Under such agreements, FP currently manages loan portfolios consisting of 228 files representing $2,219,720 in outstanding credit as of December 31.  Across all residential assistance programs, FP has originated 1,296 mortgage loans representing $10,505,319 in production volume within 26 Colorado counties since 1999.
Across all loan programs during the year, FP originated 182 loans representing $5,488,438 in aggregate volume; 49.2% higher than the previous record of $3,678,299 achieved in 2005.  The number of transactions, however, fell short of the record set in 2003 when 231 loans were issued at the height of the purchasing boom.
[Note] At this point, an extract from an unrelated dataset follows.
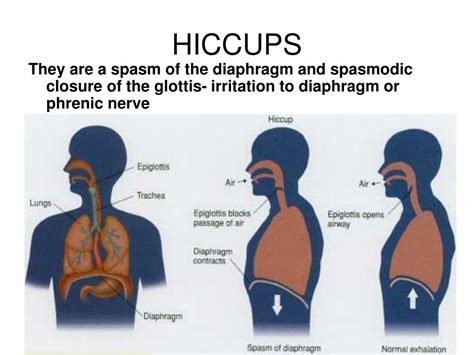 Hiccups And Acid Reflux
Unaudited financial performance of the organization reflects a more challenging environment, with a reduction to Net Assets in the amount of $124,292 versus an increase of $225,159 in 2006.  Excluding non-cash items, the organization will recognize a Net Loss of $19,604 for the year ended 12/31/2007.  During the prior year, the organization benefited from non-recurring entries; however, the primary cause for the large deviation rests with a mid-year adjustment to increase the non-cash provision for Loan Loss Reserves, coupled with an increased aggregate loan portfolio.  Although originated loans provide a future income stream, the reserve for potential losses is recognized immediately, thus creating a revenue imbalance until such time adequate repayment occurs.  During the year, the organization also recognized a significant decrease in corporate and philanthropic support which allows the organization to deliver products and services at the lowest possible cost.  The Board of Trustees is committed to elevating awareness and interaction with the larger community to enhance existing relationships, while forging new alliances that strengthen the financial health of the organization.   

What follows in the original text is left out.